The records below hold a stretch from the line with "Nhiều người dân" through the line with "Used 2018 White"; return exactly those lines, ends included, and nothing more.

- Supplied material:
·····

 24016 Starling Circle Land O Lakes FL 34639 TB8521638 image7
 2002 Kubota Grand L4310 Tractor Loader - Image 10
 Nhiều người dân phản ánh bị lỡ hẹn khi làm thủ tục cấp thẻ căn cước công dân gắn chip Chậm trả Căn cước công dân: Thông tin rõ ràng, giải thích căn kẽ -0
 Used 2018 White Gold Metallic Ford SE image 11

·····

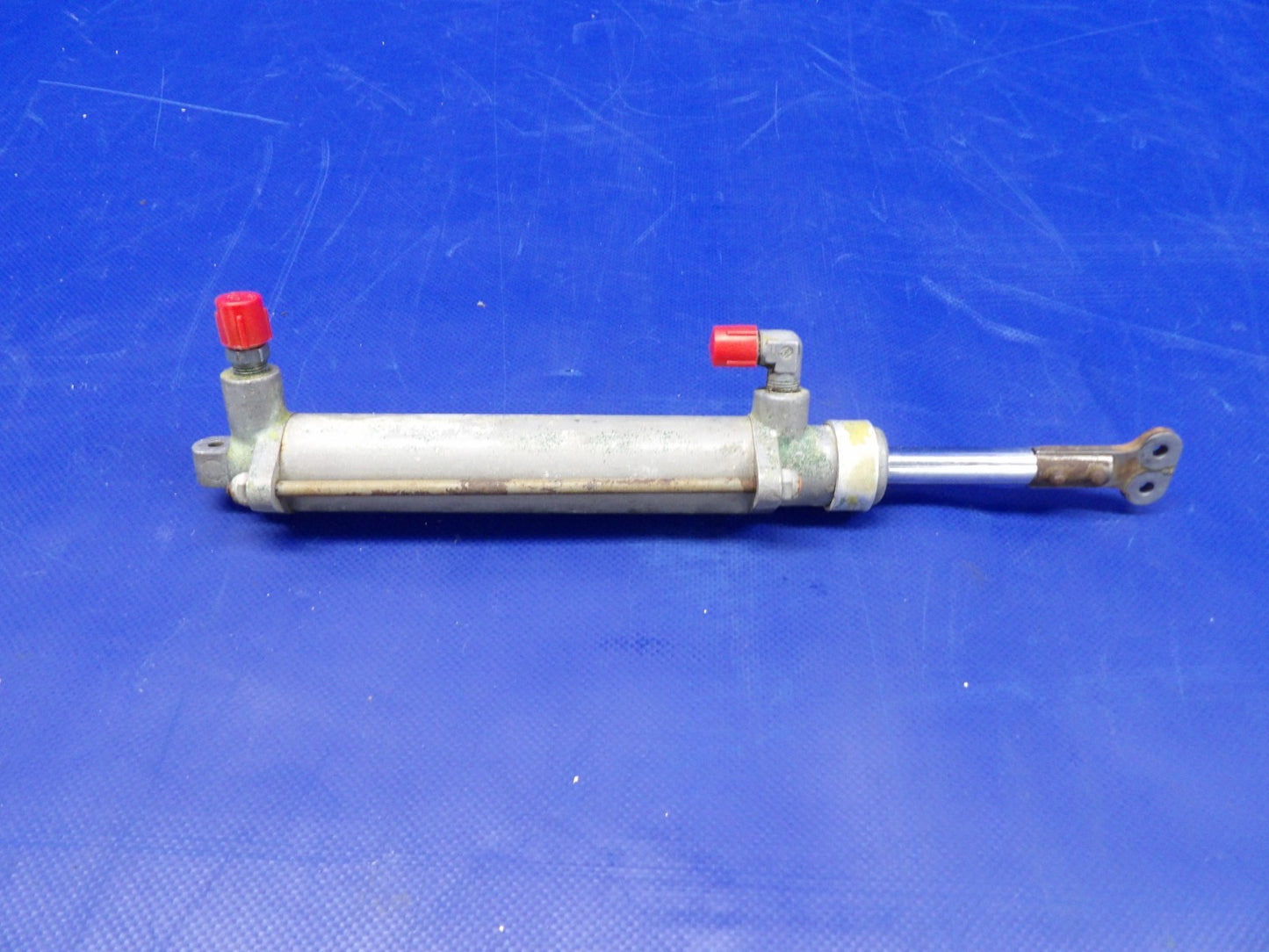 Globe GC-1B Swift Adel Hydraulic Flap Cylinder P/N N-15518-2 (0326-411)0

·····

- Result of the exercise:
 Nhiều người dân phản ánh bị lỡ hẹn khi làm thủ tục cấp thẻ căn cước công dân gắn chip Chậm trả Căn cước công dân: Thông tin rõ ràng, giải thích căn kẽ -0
 Used 2018 White Gold Metallic Ford SE image 11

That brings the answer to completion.